Starkstrom Amper Festival: Elektrobeats im Freien garantiert das Starkstrom-Festival in Schöngeising, hier eine Aufnahme mit DJ Martin Schwarz.

(Foto: Günther Reger)

Dieses Problem kennen viele Vereine. In Jesenwang ist die Anzahl der jährlichen Partys von vier auf zwei geschrumpft. Wegen Beschwerden der Nachbarn liegt die Sperrstunde hier sogar bei 2 Uhr, sagt Tobias Burkhardt vom Jesenwanger Burschenverein. Auch die 950-Jahr-Feier der Gemeinde Hattenhofen stand deshalb auf der Kippe. Weil sich ein Nachbar über die Lautstärke beschwerte und mit seiner Klage sogar vor Gericht ging, darf der Burschenverein schon seine jährliche Party nicht mehr in der Halle Waldleitner abhalten. Dass genau dort im Juni drei Abendtermine der Jubiläumsfeier stattfinden dürfen, war nur durch Kompromisse möglich. "Das Traurige ist, dass bis auf eine Person eigentlich der ganze Ort hinter den Veranstaltungen steht", meint Vorstand Florian Trinkl.
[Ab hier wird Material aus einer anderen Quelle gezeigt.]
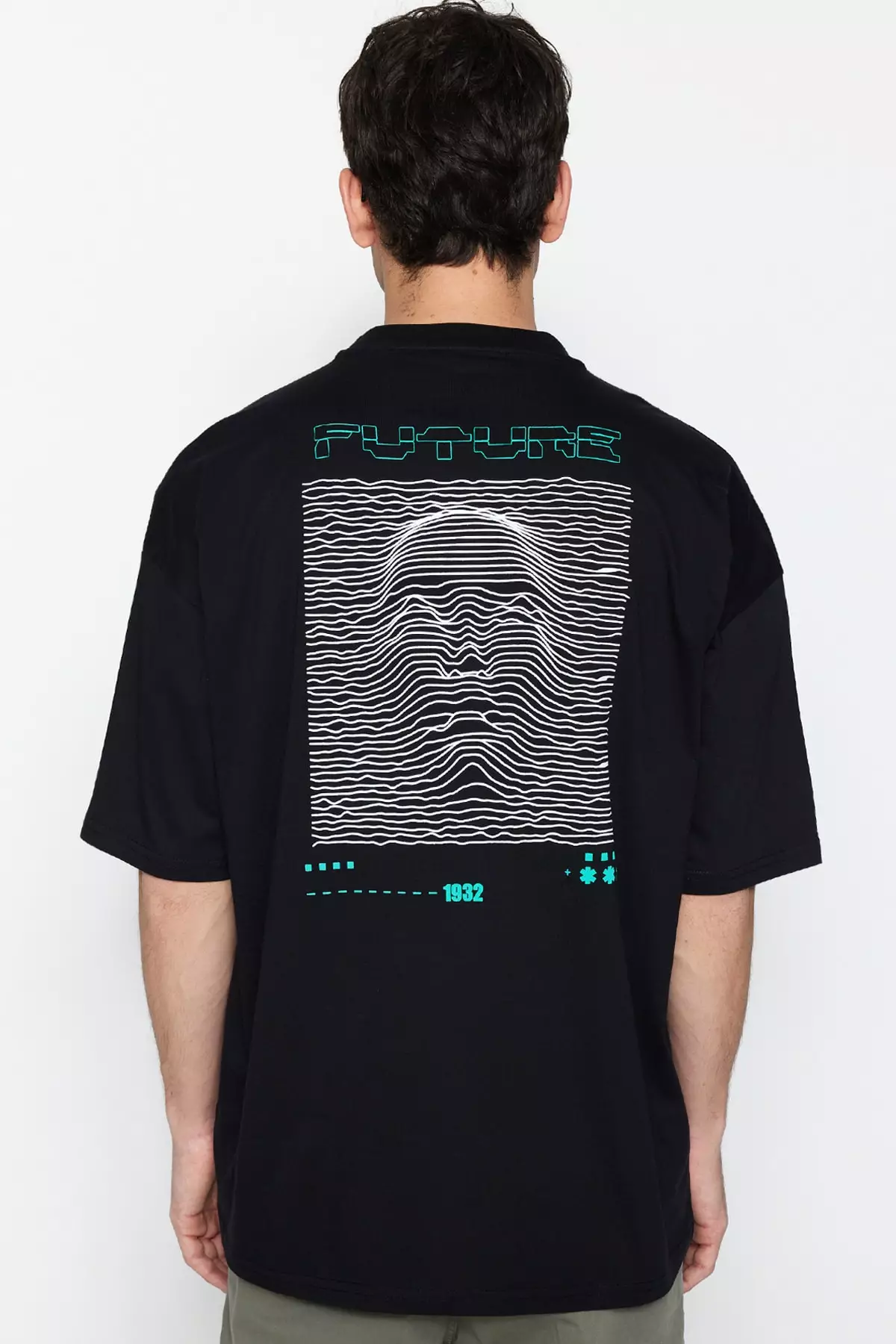 Future T-Shirt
Während es in Maisach neben den verschiedenen Wein-, Dorf- und Gartenfesten früher eine Zeltparty in Germerswang und ein Hallenfest in Gernlinden gab, gibt es nur noch die "Beachparty" in Überacker. Einen Rückgang von gewaltsamen Auseinandersetzungen durch Auflagen wie die Sperrstunde sieht der dortige Burschenvereinsvorstand Maximilian Reger nicht: "Wenn man um 3 Uhr versucht, Leute aus einer vollen Halle zu werfen, kommt es öfter zu Raufereien, als wenn man die Party einfach ausklingen lässt."
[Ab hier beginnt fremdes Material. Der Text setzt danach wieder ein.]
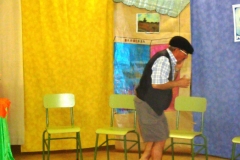 DSC01337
Feste, die sich trotz Organisationsaufwand halten, gibt es auch in Adelshofen und Luttenwang, Moorenweis, Emmering, Alling und Unterschweinbach in Egenhofen. Mehr als 1000 Personen besuchen die "Summernight Party" der Luttenwanger Landjugend, die vom TSV Moorenweis veranstaltete "After X-Mas Party" am zweiten Weihnachtsfeiertag zieht ebenfalls zahlreiche Gäste an. Kaum wegzudenken aus dem Brucker Veranstaltungsjahr sind außerdem die beiden Bälle in der Emmeringer Amperhalle. Der Sportler- sowie der Rosenmontagsball werden vom Förderclub des FC Emmering organisiert. In diesem Jahr ist es den Veranstaltern zum ersten Mal gelungen, sämtliche Auflagen in Zusammenarbeit mit dem Landratsamt zu 100 Prozent zu erfüllen, sagt der Vorsitzende des Förderclubs Manfred Haberer.

Luttenwang Summernight

Summer Night Luttenwang: Mit künstlichen Palmen Dekostoff haben die Mitglieder der Luttenwanger Landjugend dieser Halle sommerliches Flair verliehen.

(Foto: privat/oh)

Mit "Alling brennt" veranstaltet die Allinger Landjugend heuer zum sechsten Mal ihre Party in der dortigen Maschinenhalle. Weil das traditionelle Pfingstfest in Alling und das seit mehr als 60 Jahren stattfindende Blütenfest im Ortsteil Biburg für Familien ausgelegt sind, gibt es in punkto Jugendschutz kaum Probleme. Schwieriger sei es gewesen, den zum Teil 150 Jahre alten Hof, an dem das Pfingstfest abgehalten wird, den Bauvorgaben anzupassen, berichtet Florian Lindemiller von der Landjugend Alling.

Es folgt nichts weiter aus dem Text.